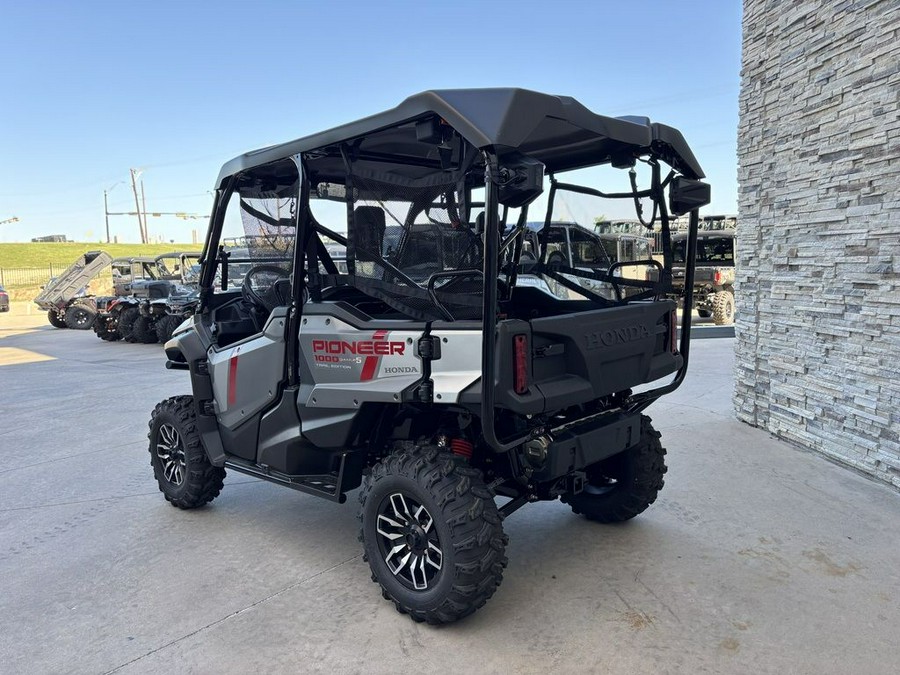 2025 Honda® Pioneer 1000-5 Deluxe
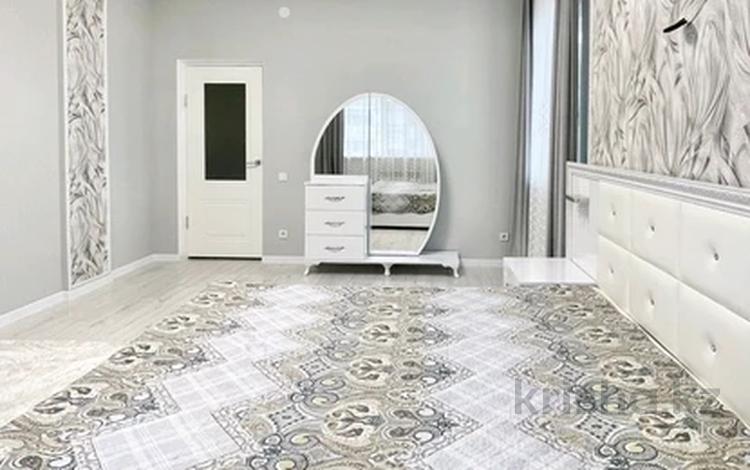 2-бөлмелі пәтер · 60 м² · 1/10 қабат, Центральный ш/а., Махамбета Утемисова 125Б, бағасы: 17 000 ₸ в Атырау, мкр Центральный — фото 2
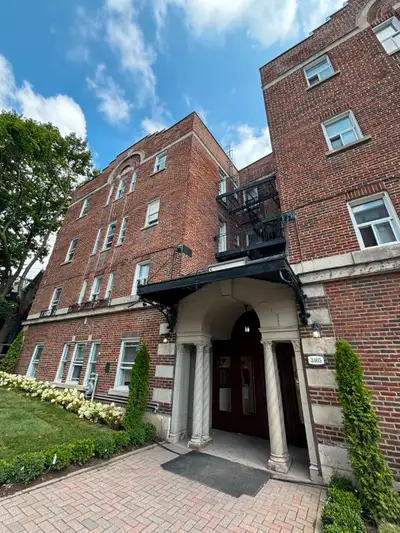 Bright 4 1/2 on great part of Sherbrooke heating included!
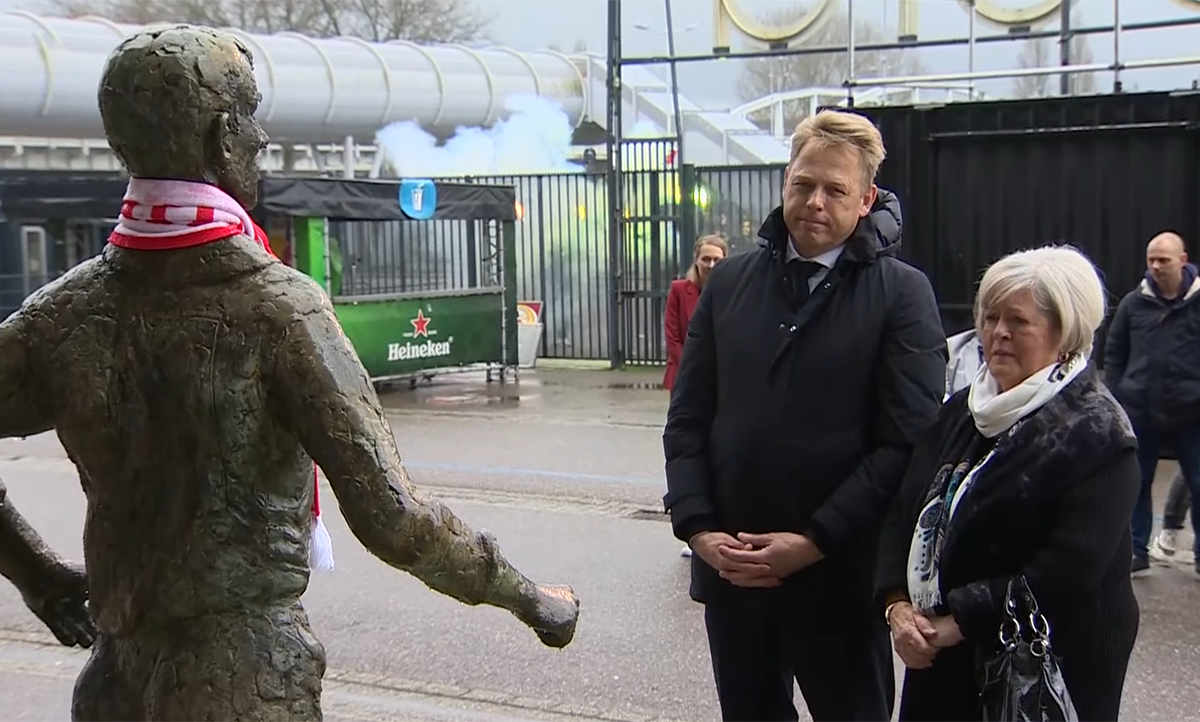 De Kuip open voor bezoek aan standbeeld en Coen Moulijn-tegels | FR12.nl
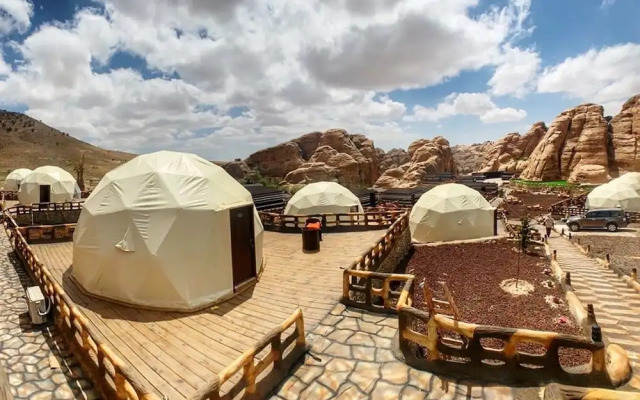 Seven Wonders Luxury Camp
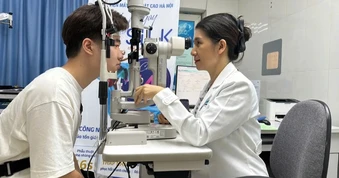Xóa cận với công nghệ SILK và Phakic ICL hiện đại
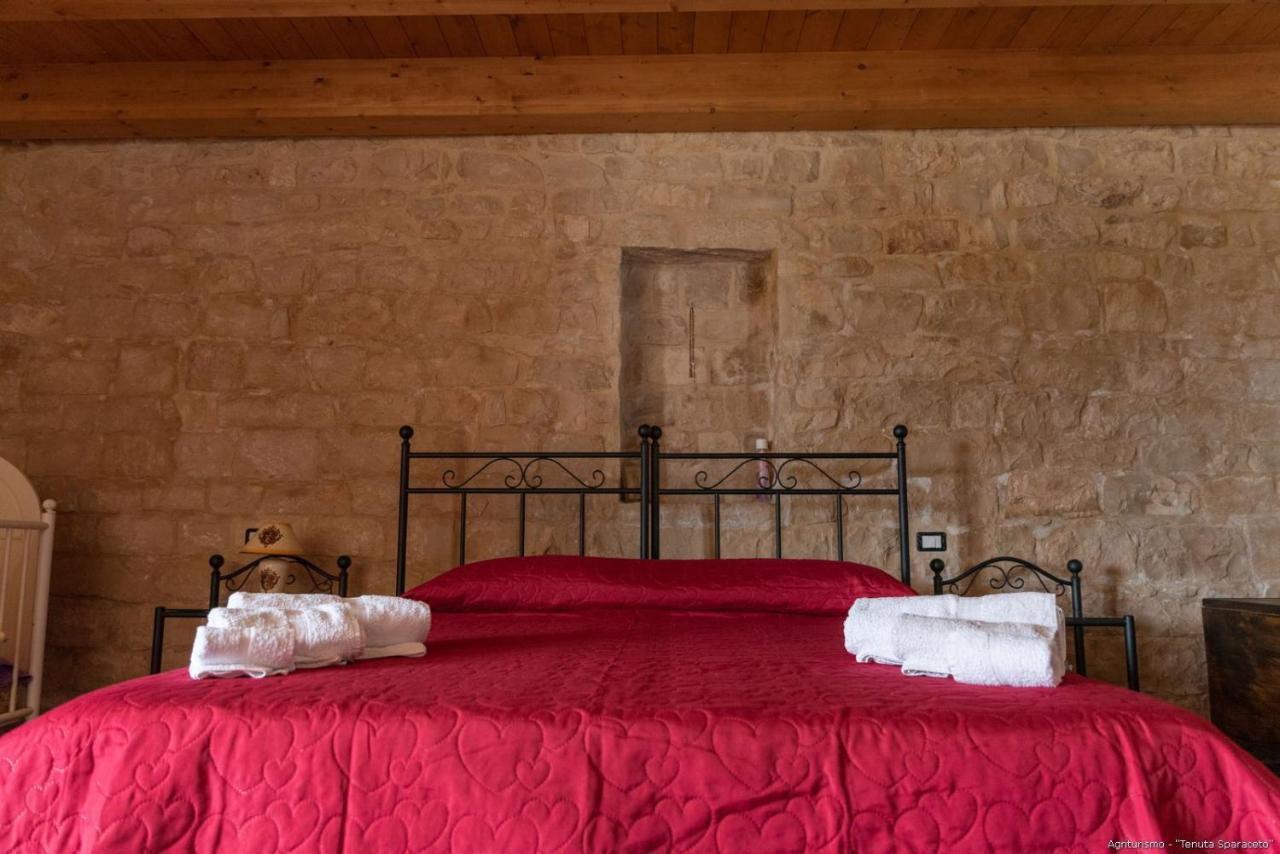 מודיקה Agriturismo Tenuta Sparaceto מראה חיצוני תמונה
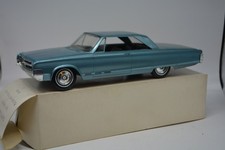 VINTAGE ORIGINAL 1965 CHRYSLER 300 PROMO MODEL 1/25 SCALE...STUNNING!!! W/BOX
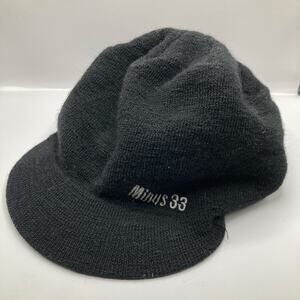 Minus33 Adult OS FLAW Black Spur Merino Wool Visor Beanie Outdoor Gorpcore Ski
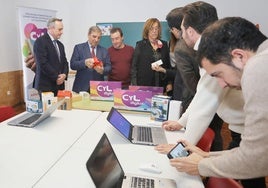 El consejero de Movilidad y Transformación Digital, José Luis Sanz Merino, presenta en Santoyo las aulas itinerantes.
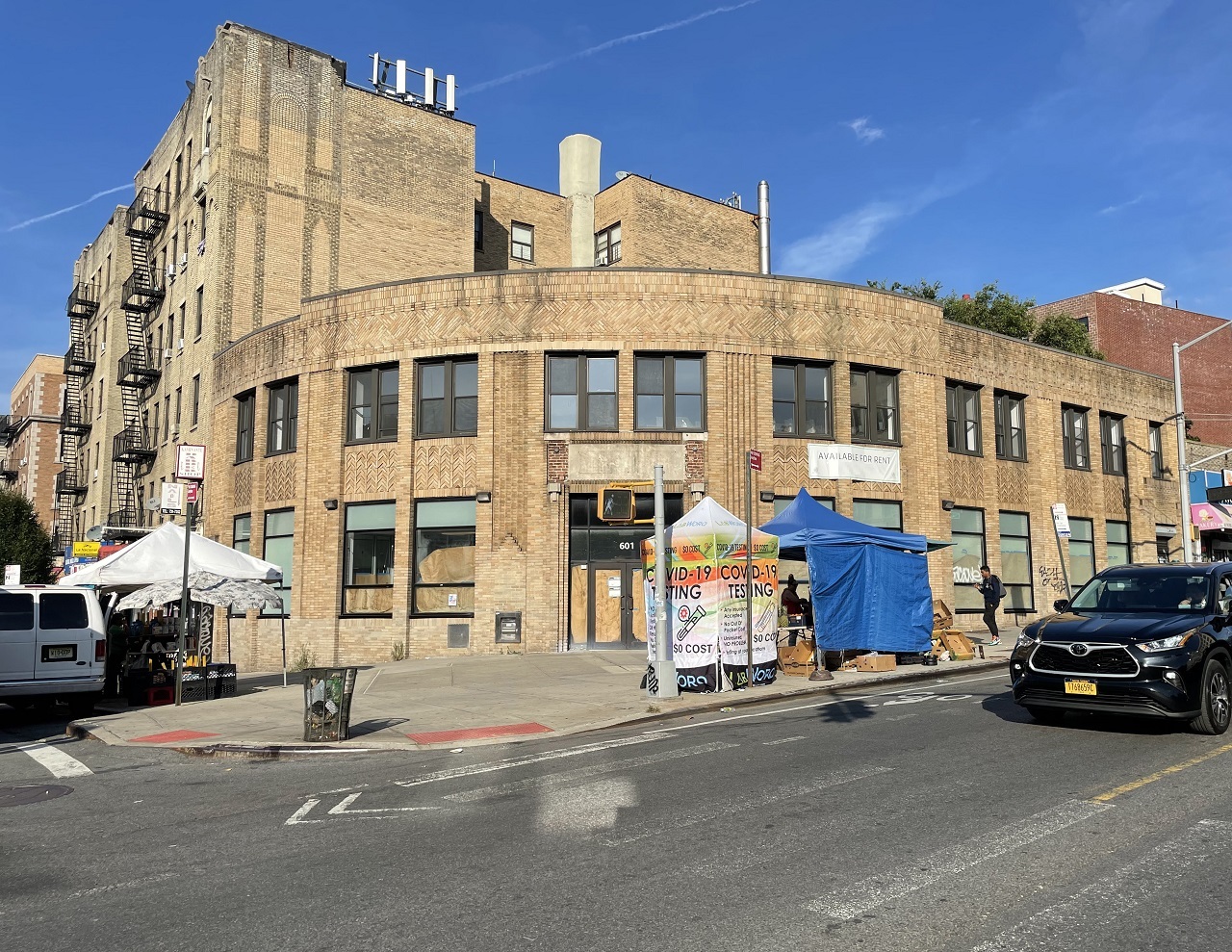 601 E Tremont Ave, Bronx, NY for sale Building Photo- Image 1 of 1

* _Work to complete_
Nothing but the lines from the line with "El consejero de" through the last line of the data above should be printed, exactly as written and without pictures.

* _Output_
 El consejero de Movilidad y Transformación Digital, José Luis Sanz Merino, presenta en Santoyo las aulas itinerantes.
 601 E Tremont Ave, Bronx, NY for sale Building Photo- Image 1 of 1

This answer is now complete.